Ancak bu kolay ve basit denklem aynı zamanda ‘geleneksel’ medya dünyasında muhalefetten ve karalamalardan kaçmadı.
Medyanın zihinsel imgeleri şekillendirmedeki ve kamuoyunu etkilemedeki büyük önemi erken ortaya çıktı.
Çıkarları gerçekleştirmek için uyarlama konusundaki doyumsuz mücadele de ortaya çıktı.
Böylece sahtekârlık ve dolandırıcılık faaliyetleri gelişti. Gazetecilik sektöründe yaygın bir hal aldı.
Gözlemciler ve eleştirmenler, bir asır önce de bu tehlikelerin farkındaydı. Ünlü yazar ve gazeteci Walter Lippmann bile 1920’lerde “o zamanki ‘geleneksel’ medyanın ‘yalanlar ve uydurmalardan oluşan koca bir dünya yaratacak” düzeye ulaştığından bahsetti.
Gerçeği algılayamayan ve sadakatle aktaramayan bilgi durumunun bu sapkın sonuçları, kamuoyunun gerçeği anlama, doğru analiz etme ve rasyonel kararlar alma kabiliyetine büyük yükler getirecektir.
En azından geçen yüzyılın ortalarında Nazi ve Komünist propagandanın yoğun bombardımanı altında olan buydu.
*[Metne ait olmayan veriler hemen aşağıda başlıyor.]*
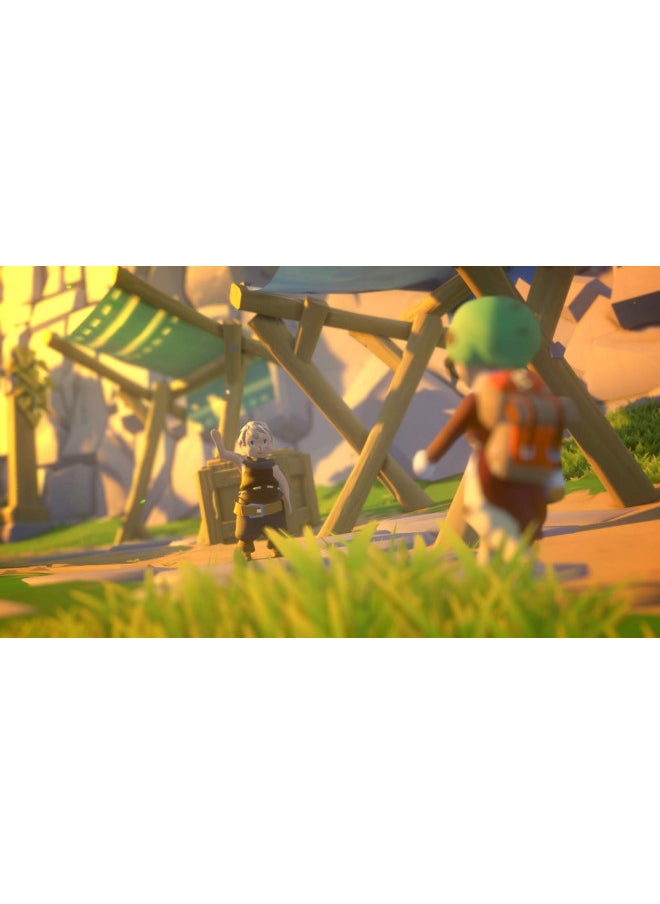 Yonder: The Cloud Catcher Chronicles - Nintendo Switch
Bu, ‘Batı medyasının’ da gözünden kaçmadı tabii ki.
Ancak ‘geleneksel’ medyanın onlarca yıldır sahip olduğu devasa yetenekler ve bu sayede, zaman zaman yapay bir bilinç oluşturabilme kabiliyeti, ‘toplumsal iletişim’ araçlarının tezahürlerinde şahit olduğumuz fabrikasyon ve yapay alanlarındaki olağanüstü yaratıcılıkla kıyaslanacak olursa, bugün sadece mütevazı başlangıçlar olacaktır.
‘Geleneksel’ medya kanallarının taciz edici uygulamaları nedeniyle bozulan bir gerçeklikten, daha güçlü, cüretkar ve vahşi medyanın çizdiği başka bir gerçekliğe geçtik.
20 yıl önce, Fransız filozof Jean Baudrillard dünyamızdaki gerçeklik durumunun geleceği konusundaki soruya, dikkate değer bir dolaysızlık ve açıklıkla, “Bu dünyada, Gerçek anlam gittikçe azalırken, bilgi giderek artıyor” şeklinde cevap vermişti.
Baudrillard, gerçek ve gerçekçiliğin içinin boşaltılması ve alternatif bir yapay bağlam inşa etmede yanlışlama, insanların uyuşturulmuş ve hipnoz altında yaşadığı alternatif bir yapay bağlam inşa etmede tahrifat, benzetme ve simülasyonun rollerini vurgulamak için büyük zaman ve çaba harcadı.
Sosyoloji alanından gelen bu filozof, “küreselleşmiş bir toplumda simülasyonların gerçekliğin kendisinden daha inandırıcı hale geleceği ve hiper gerçekliğin söz konusu olacağı” (Hyperreality) fikrinden bahsediyor.
Gerçekte uydurma ve suni olan bu süper gerçekliğe dayanarak, toplumun geniş kesimlerinin tam bir kâbusu somutlaştıran bilinç ve vicdanları oluşacağını ileri sürüyor.